栗原:はい、水素が出ますが、現段階では大気開放です。水素は、密閉しなければ危険は少ないのです。

──自動車用電池としても使えるのでしょうか?

栗原:可能性はあります。ただ、このマグネシウム水電池は充電のできない一次電池ですから、負極の金属マグネシウムを使い切ったら、取り替えることになります。
リチウムイオン電池 vs. マグネシウム二次電池


水プラズマの様子と発光スペクトル。
──SAITECでは、マグネシウム二次電池を開発しているそうですが、どういう経緯で開発が始まったのですか?

栗原:鈴木社長のマグネシウム空気電池に関わったことで、マグネシウム電池はいけそうだという感触を得ました。現在は、二次電池の方が市場規模がはるかに大きいですから、では二次電池を作ってみようかと考えたのです。

──今回、開発されたのはどういうものなのですか?

栗原:マグネシウム二次電池に使う、正極活物質です。私は以前からマイクロ波プラズマに関する研究を行っており、プラズマを利用した材料合成のノウハウがありました。これを使えば実現できそうだという目算がありました。

今回開発したのは、負極活物質に金属マグネシウムを使う、「マグネシウム金属電池」です。

──マグネシウム金属電池は、どういう仕組みになっているのでしょう?

栗原:充放電ができる二次電池を作るためには、マグネシウムイオンが活物質を自由に出入りできるようにする必要があります。放電する時は、負極の金属マグネシウムマグネシウムイオンになり、正極活物質と結びつく。充電する時は、正極活物質からマグネシウムイオンが飛び出て、負極の金属マグネシウムに戻るようにするのです。

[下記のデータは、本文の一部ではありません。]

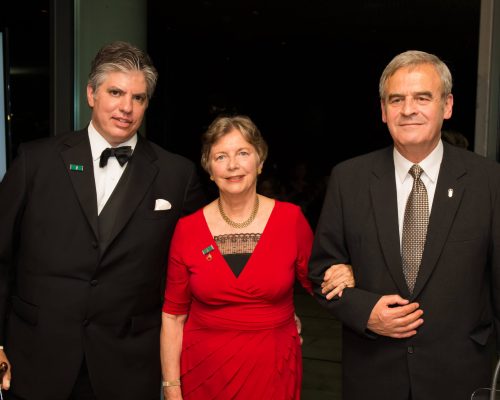 Mr. Max Teleki, Mrs. Edith K. Lauer and Bishop László Tőkés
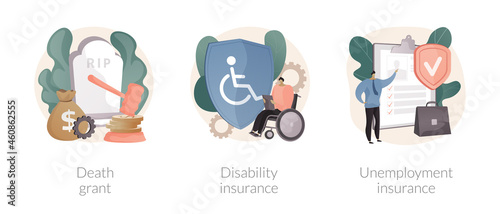 Social financial support abstract concept vector illustrations.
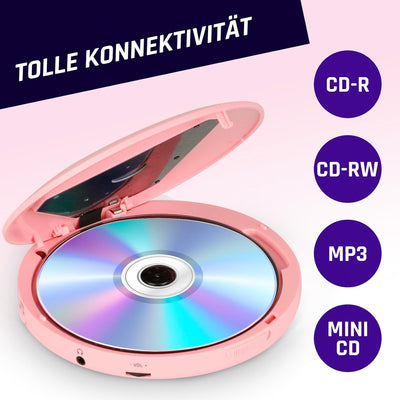 KLIM Discman - Tragbarer CD Player mit eingebautem Akku - NEU - inklusive KLIM Fusion Kopfhörer Komp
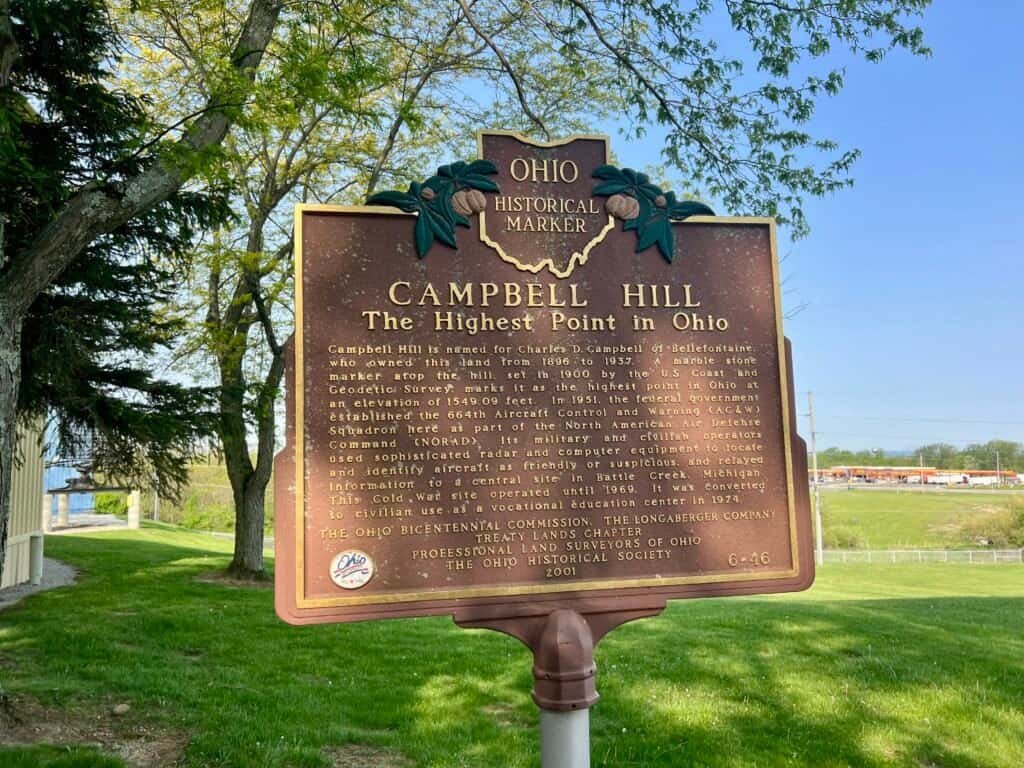 Ohio Historical Marker for Campbell Hill, the highest point in Ohio, located on the grounds of the Ohio Hi-Point Career Center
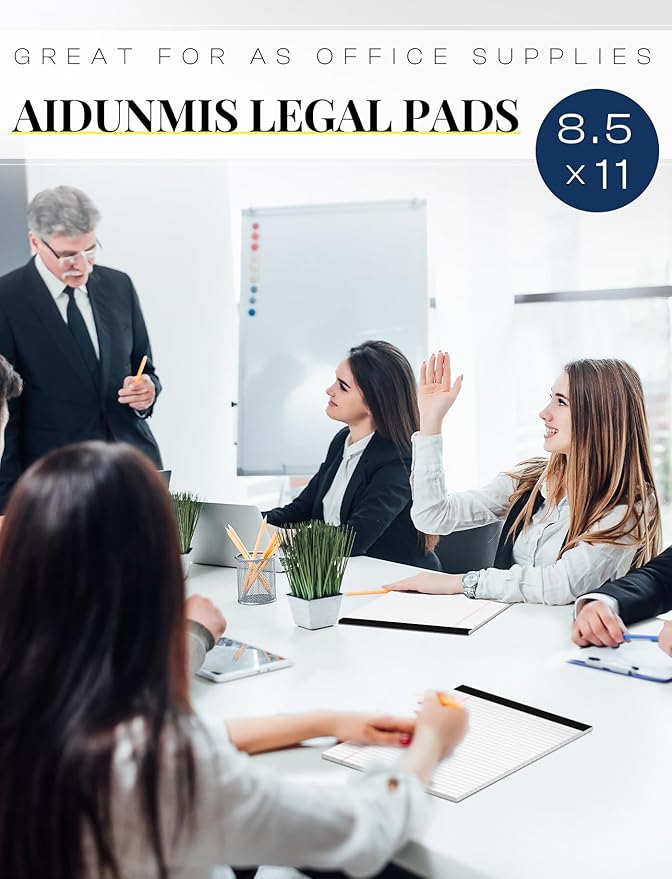 8 Pack White Legal Pads 8.5 x 11 Wide Ruled Note Pads 8.5 x 11" Legal Ruled - Image 6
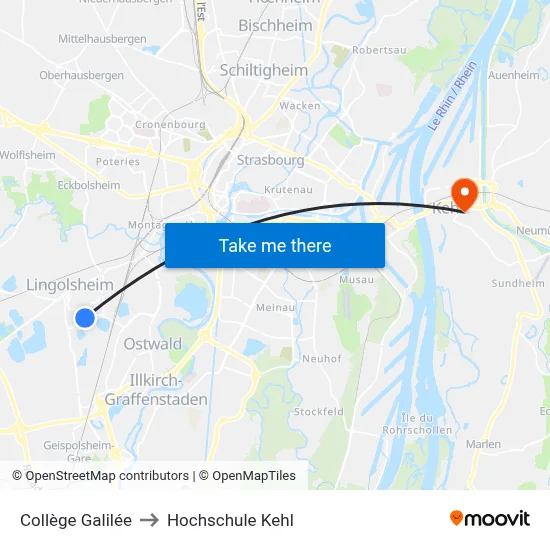 Collège Galilée to Hochschule Kehl map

これまで、この正極活物質としては酸化物系と硫化物系が報告されていました。酸化物は構造が安定していますが、マグネシウムイオンが正極にトラップされやすく充電が難しい。硫化物は構造が不安定で電解液中に溶解する等の問題がありました。そこで、この両物質系のいいとこ取りができないかと考えました。



上のグラフは、硫黄ドープ金属酸化物。ドープしていないものに比べ、容量が格段に向上し、充放電を繰り返しても容量が維持される。
──両物質を混ぜるのですか?

栗原:はい。結晶構造が安定な酸化物に硫黄をドープ(少量添加)するイメージです。しかしながら、この反応は簡単ではありません。電池に使う酸化物は還元しやすく、硫黄は酸化・揮発しやすいので、両物質が反応して、酸化物は還元、硫黄は酸化して二酸化硫黄として気化してしまうからです。そこで、これまで開発したプラズマ合成を適用してみました。両物質に水を添加し、減圧してマイクロ波を照射すると、水プラズマが発生します。減圧状態での水の沸点以下ですので、極めて低温です。

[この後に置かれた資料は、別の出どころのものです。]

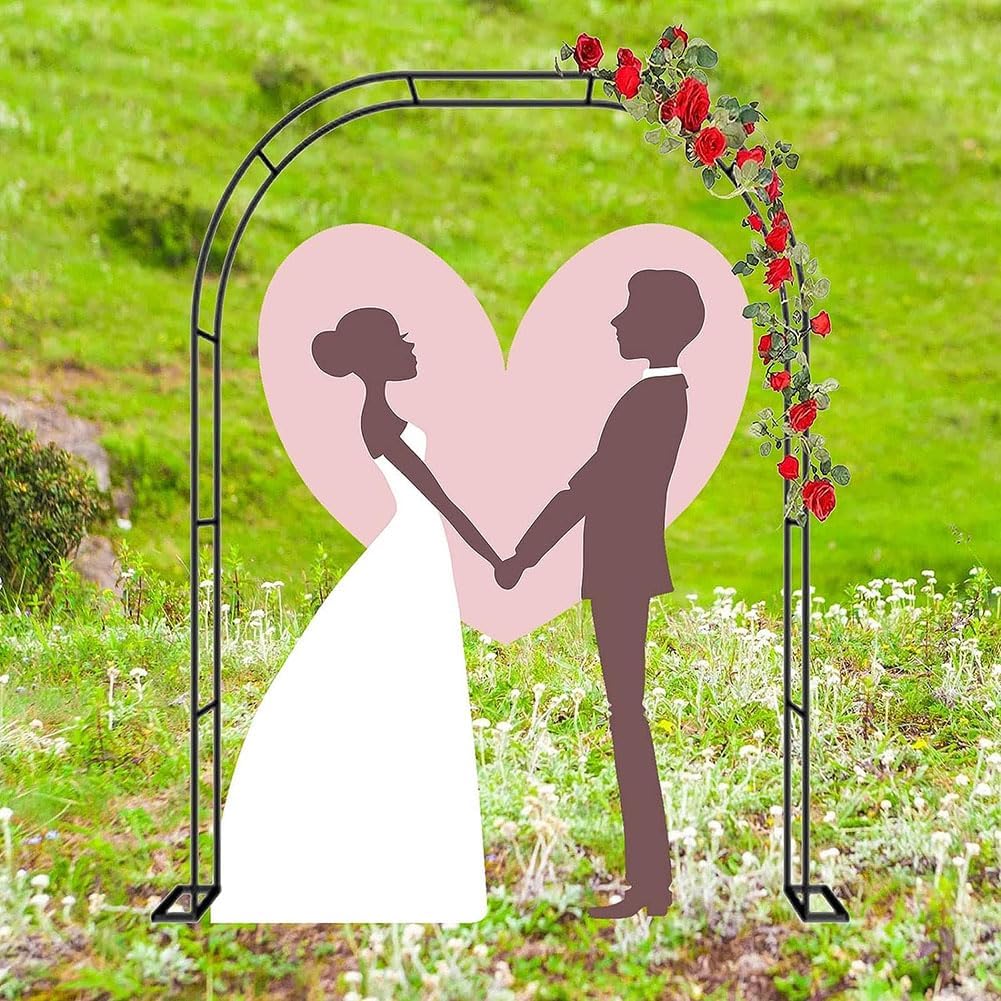 Black Steel Garden Arbor Wedding Arch Metal Arbour Pergola Tubular Frame Trellis Archway for Climbing Plant Roses Vines 180Cm 140Cm Wide,Black,W1.8M*H2.2M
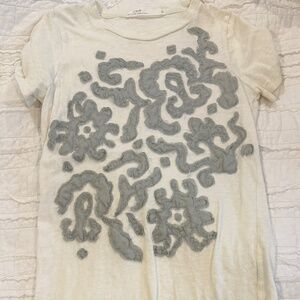 JCrew Cotton Short Sleeve T-shirt cream colored with light grey-blue design S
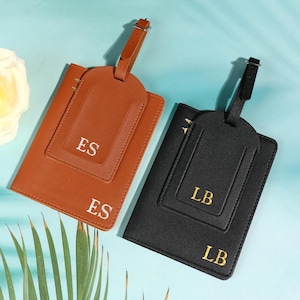 Personalized Leather Passport Holder and Luggage Tag Set, Mr and Mrs Passport Cover and Luggage Tag Honeymoon Gift, Wedding Gift for Couples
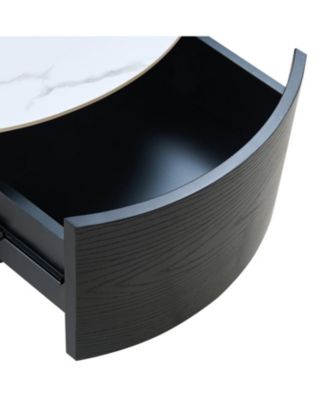 Streamdale Modern Round Coffee Table with Casters &amp; 2 Drawers Marble Top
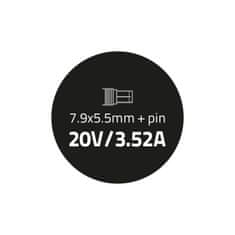 Qoltec Napájecí adaptér pro IBM 65W | 20V | 3,52A | 7,9*5,5+pin | + napájecí kabel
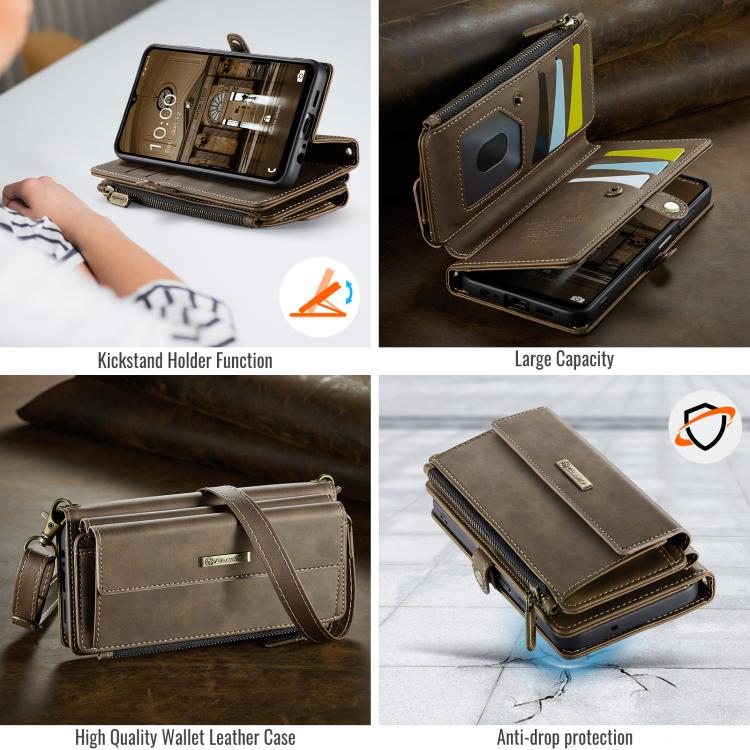 For Samsung Galaxy A14 CaseMe C39 RFID Blocking Zipper Wallet Leather Phone Case with Crossbody Strap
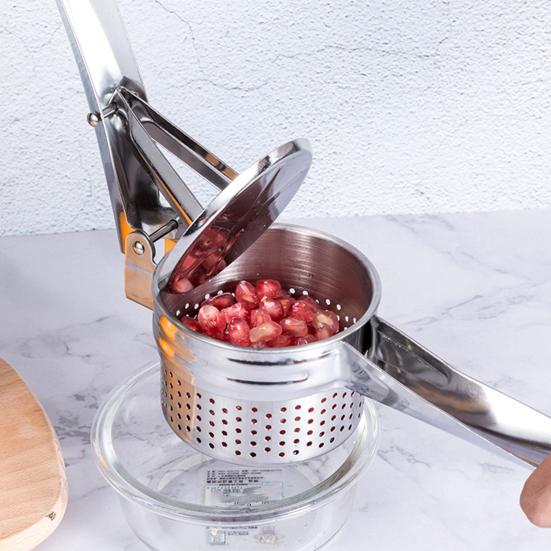 Manual Juicer Hand Press Stainless Steel Lemon Lime Orange Squeezer Versatile Kitchen Gadget for Juicing Citrus Draining Cabbage Mashing Potatoes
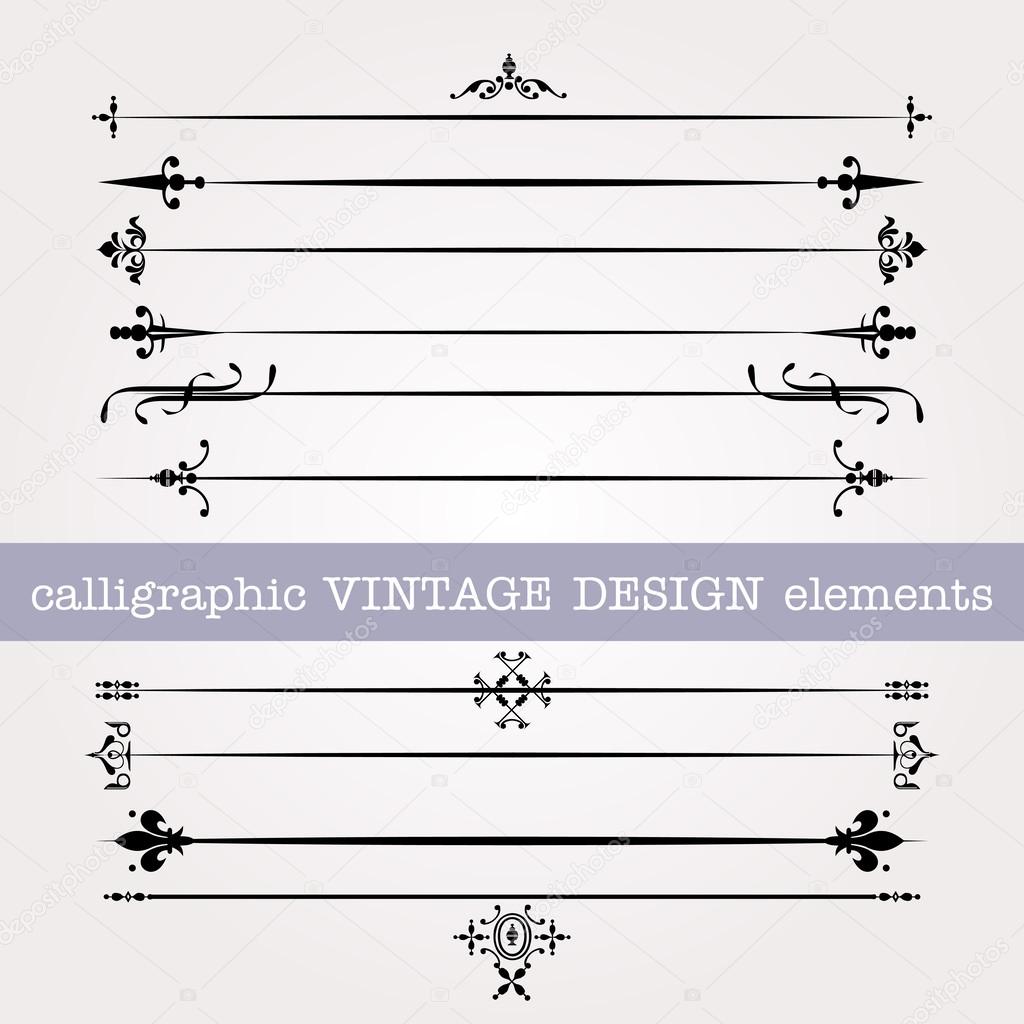 Calligraphic elements vintage set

この水プラズマで反応させると、酸化物の構造は維持され、表面に硫黄がドープされ、アモルファス化:ガラス化することがわかりました。酸化物としては、例えば、五酸化バナジウムを用いました。これに硫黄をドープした物は、容量が250mAh/gで、10サイクルまでのサイクル維持率が90%を達成することができました。
──リチウムイオン電池と比べてどうでしょう?

栗原:リチウムイオン電池に使われるコバルト酸リチウムは150〜160mAh/gですから、容量で勝ります。ただし、リチウムイオン電池の電圧が3V以上なのに対し、今回開発した正極活物質では1.5Vです。理論的には2.3Vまで出る可能性がありますが、どうやってもリチウムイオン電池より0.7Vは低くなります。

マグネシウム金属電池が、リチウムイオン電池に決定的に勝るのは安全性でしょうね。リチウムイオン電池は事故でパッキングが壊れた場合に爆発する可能性がありますが、マグネシウム金属電池はパッキングが取れても燃えたりはしません。マグネシウムは空気と猛烈に反応しますが、それも粉末になった場合だけです。

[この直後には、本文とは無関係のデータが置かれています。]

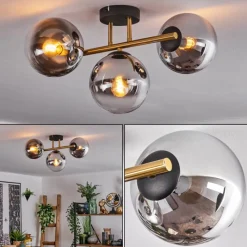 Lampes Dorées-hofstein Gastor Plafonnier, Boule lumineuse 42 cm Or, Noir, 3 lumières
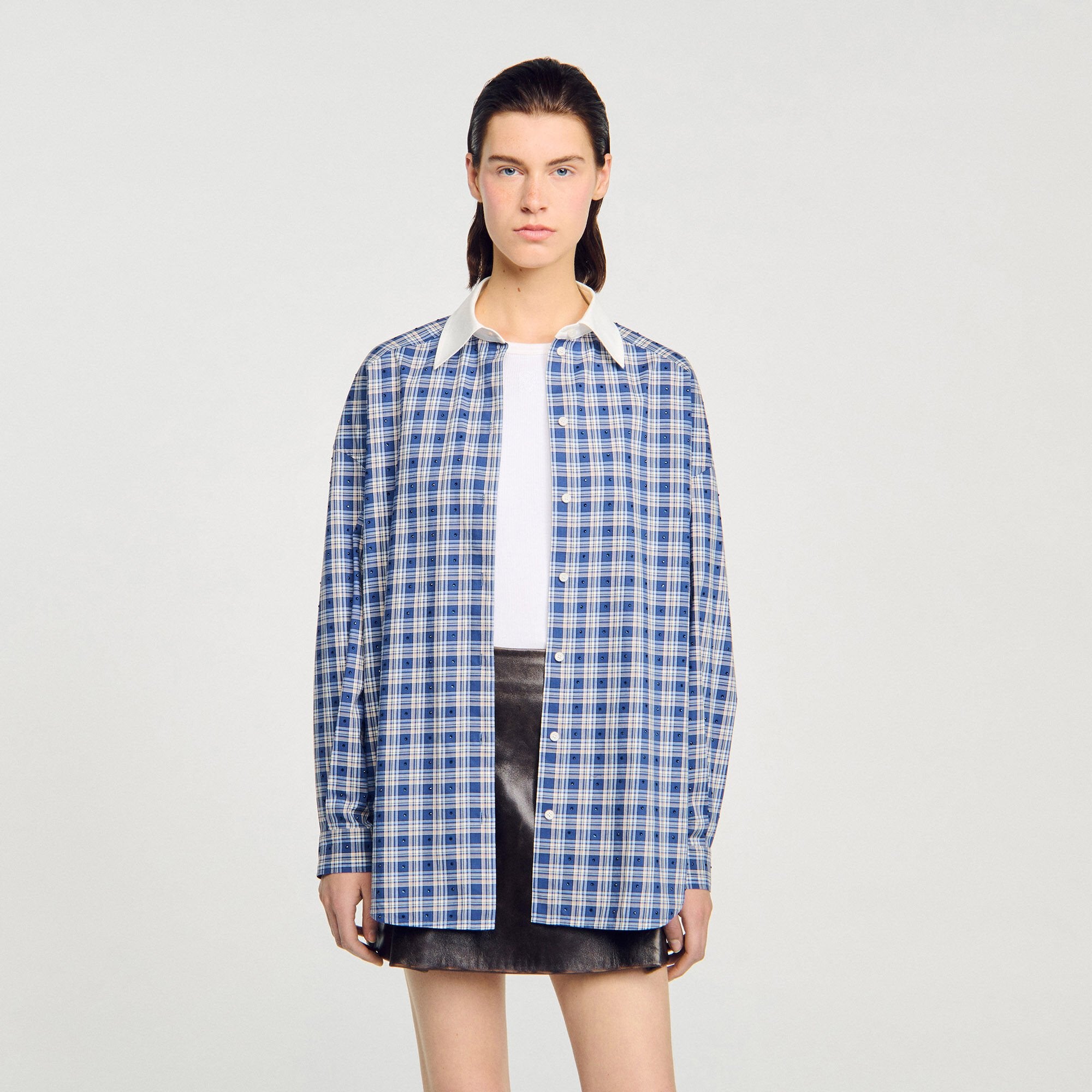 Rhinestone checkered shirt Blue Sandro Women
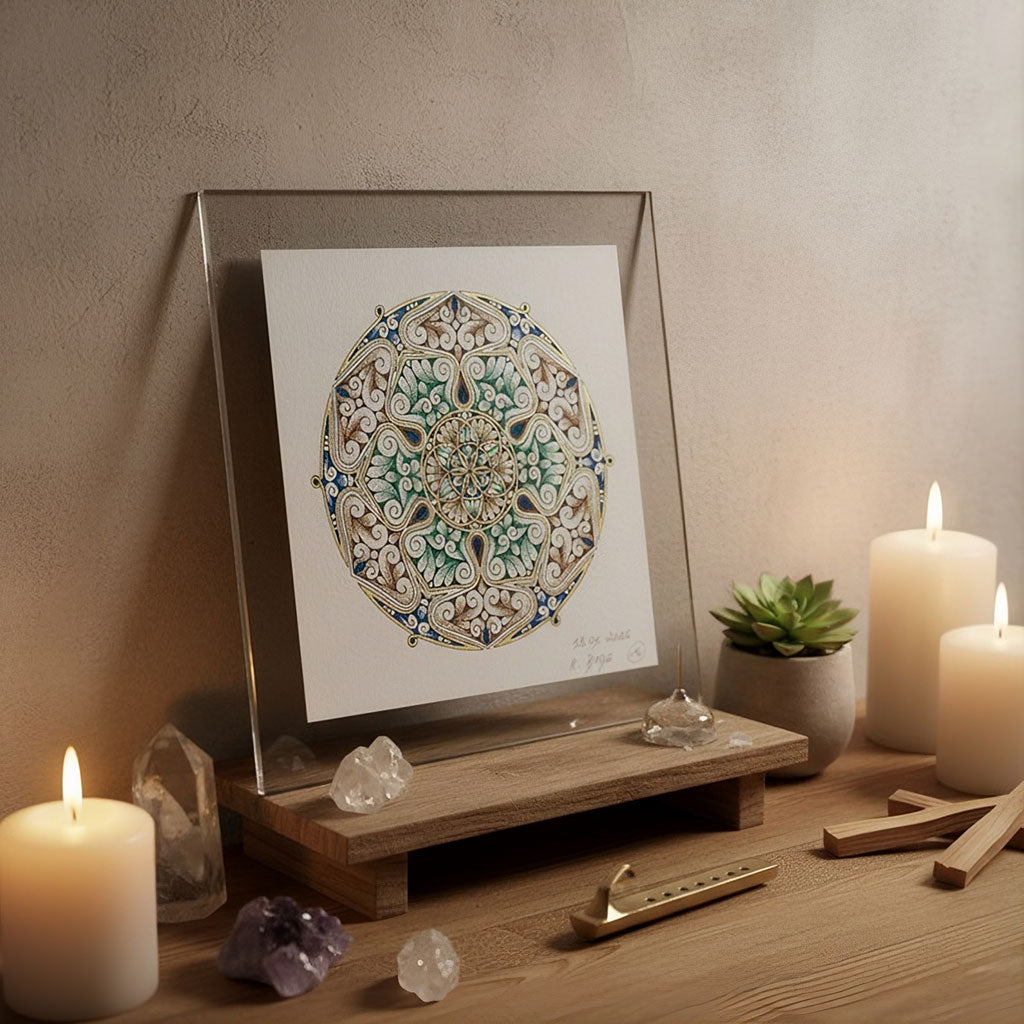 Mandala Original handgezeichnet „Ozean der Gelassenheit“ – Spirituelles Kunst Unikat für den Altar & zur Raumharmonisierung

また、リチウムイオン電池の重量のうち、半分はパッキングです。マグネシウム金属電池では重いパッキングが不要なため、同じ重量なら航続距離が伸びるでしょう。
盛り上がってきたマグネシウム電池の開発
──マグネシウム二次電池が実用化されるには、どのような課題があるのですか?

栗原:SAITECが開発したのは正極活物質で、実用電池にするためには、電解液と負極活物質なども必要です。

今回の実験では、

P. Novák and J. Desilvestro, J. Electrochem. Soc. 1993, 140, 140.
Y. Long, X. Zhang, J. Colloid Int. Sci. 2004, 278, 160.
D. Aurbach, Z. Lu, A. Schechter, Y. Gofer, H. Gizbar, R. Turgeman, Y. Cohen, M. Moshkovich, E. Levi, Nature, 2000, 407, 724.
D. Aurbach, H. Gizbar, A. Schechter, O. Chusid, H. E. Gottlieb, Y. Gofer, I. Goldberg, J. Electrochem. Soc. 2002, 149, A115.
Y. Gofer, O. Chusid, H. Gizbar, Y. Viestfrid, H. E. Gottlieb, V.M. Aurbach, Electrochem. Solid-State Lett. 2006, 9, A257.
L.Sanchez, J. P. Pereiraramos, J. Mater. Chem. 1997, 7, 471.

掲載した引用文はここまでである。